### Problem requirements
What lines in the records below hold the string "Maxi"? Please show them.

### Records for processing

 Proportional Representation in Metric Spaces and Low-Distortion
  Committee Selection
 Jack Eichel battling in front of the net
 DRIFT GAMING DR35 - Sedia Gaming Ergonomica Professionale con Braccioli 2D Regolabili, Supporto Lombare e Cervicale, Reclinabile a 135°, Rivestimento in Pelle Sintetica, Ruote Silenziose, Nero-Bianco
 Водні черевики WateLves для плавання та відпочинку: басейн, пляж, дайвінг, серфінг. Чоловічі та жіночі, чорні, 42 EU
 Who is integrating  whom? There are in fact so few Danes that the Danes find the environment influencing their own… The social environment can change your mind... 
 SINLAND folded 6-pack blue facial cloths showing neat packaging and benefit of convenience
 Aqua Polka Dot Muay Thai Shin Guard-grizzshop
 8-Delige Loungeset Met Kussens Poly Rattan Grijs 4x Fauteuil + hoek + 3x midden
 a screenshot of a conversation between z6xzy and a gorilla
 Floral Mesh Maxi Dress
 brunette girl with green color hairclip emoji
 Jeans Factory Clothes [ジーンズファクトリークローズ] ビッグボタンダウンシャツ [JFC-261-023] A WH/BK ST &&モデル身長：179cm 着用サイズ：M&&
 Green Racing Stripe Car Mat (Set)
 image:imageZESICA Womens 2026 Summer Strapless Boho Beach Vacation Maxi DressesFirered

### Worked solution
 Floral Mesh Maxi Dress
 image:imageZESICA Womens 2026 Summer Strapless Boho Beach Vacation Maxi DressesFirered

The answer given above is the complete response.